Business leaders usually stand out by taking charge in situations when they see a problem and then try to solve it. Other leaders have the authority to make decisions but fail to take the team to the next level. Effective leaders know how to handle a team at any given moment. Good managers also take into account the needs of individuals on the team versus the needs of the whole. Consider three modes of behavior that great leaders must employ to inspire those around them.

1. Command Mode

Managers have the weight of the title placed upon them. That means having the ability to order around a team to accomplish a task. Business leaders can put team members on task, but management must also know how to keep from micromanaging. This is where training employees comes into play. When you need to tweak an employee's behavior, that's when stepping in makes sense. Find the right mix of keeping your team on the right track, but try not to be too heavy-handed as you hand out tasks.

2. Coach Mode

Coaching involves several things as you try to inspire your team to listen to your commands. Business leaders must coach a team through training, skills development and knowledge building. As with any good team, coaching takes time and practice. Determine the abilities and attitudes of individuals so that you recognize how to train each person. Some team members learn visually, while others excel at hands-on training.

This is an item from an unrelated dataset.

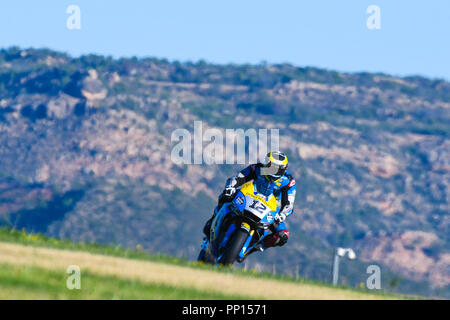 Alcaniz, Espagne. 29Th Sep 2018. THOMAS LUTHI (12) de la Suisse et de l'EG 0,0 Marc VDS MOTO GP lors de l'échauffement de la Grand Prix à Motorland Aragon racetrack à Alcañiz, Espagne le 23 septembre 2018 (Photo : Alvaro Sanchez) Credit : CORDON PRESS/Alamy Live News Banque D'Images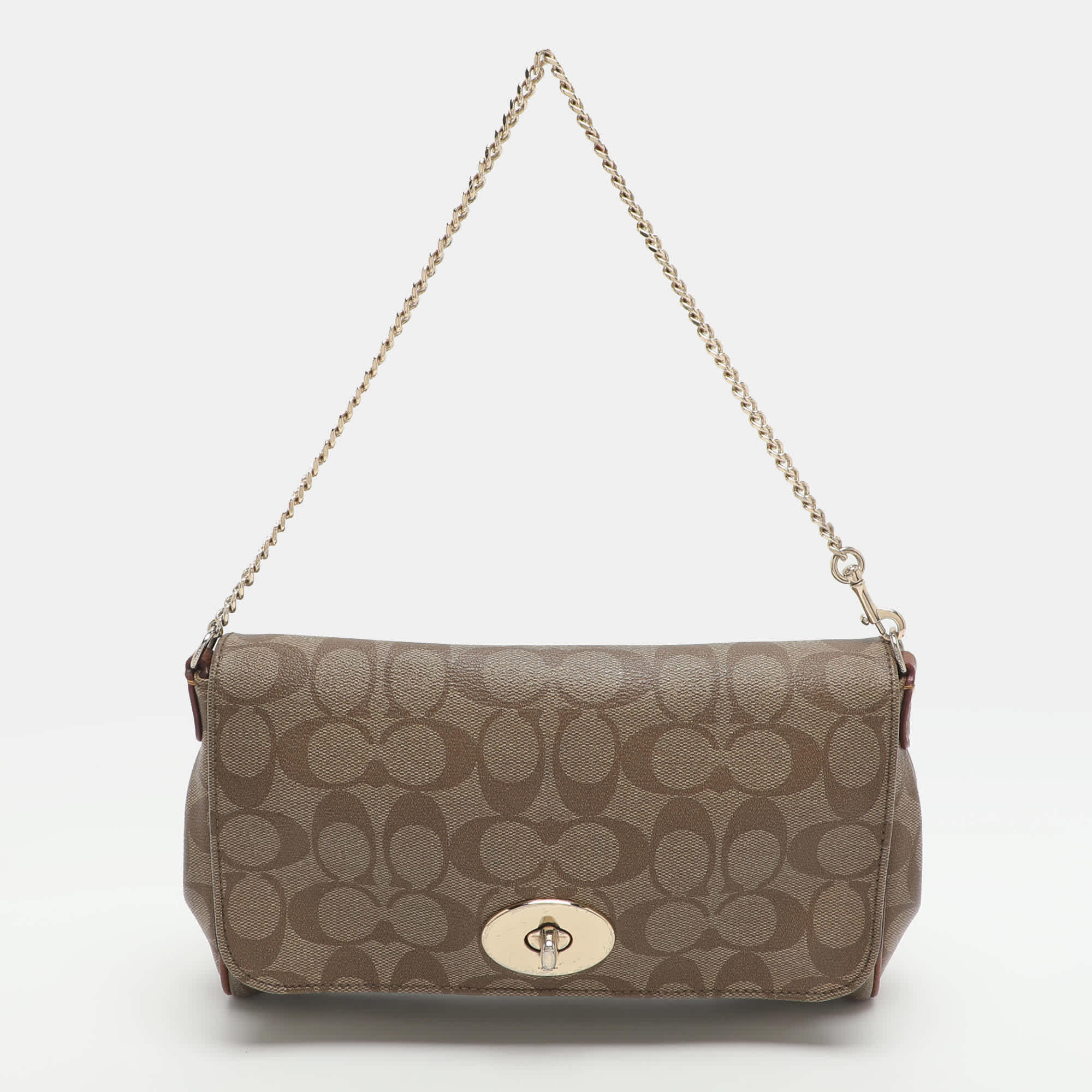 Coach Ruby Beige Signature Coated Canvas Shoulder Bag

Coaching also means delegating tasks to team members. Business leaders cannot do everything at once. To extend a sports metaphor, one person must throw the ball while the other receives the pass. The same person cannot be in two places at once. As such, once you train the team to perform the right way, let each teammate do a job successfully to achieve the right outcomes. Give your team independence to do what you trained them to do.

3. Create Mode

Leaders foster an environment in which teams thrive and grow. Encourage your employees to expand their horizons, improve processes and do things their own way when they find better ways to accomplish tasks. Maintaining the status quo is great, but that can get boring. Teams need to know they can create new ways to do things. Otherwise, the day-to-day minutiae can get boring very quickly.

Success is more than just improving the bottom line. Business leaders also measure success by engaging their teams, balancing busy work with energy and employing different modes of behavior to move the team forward to accomplish the company's goals.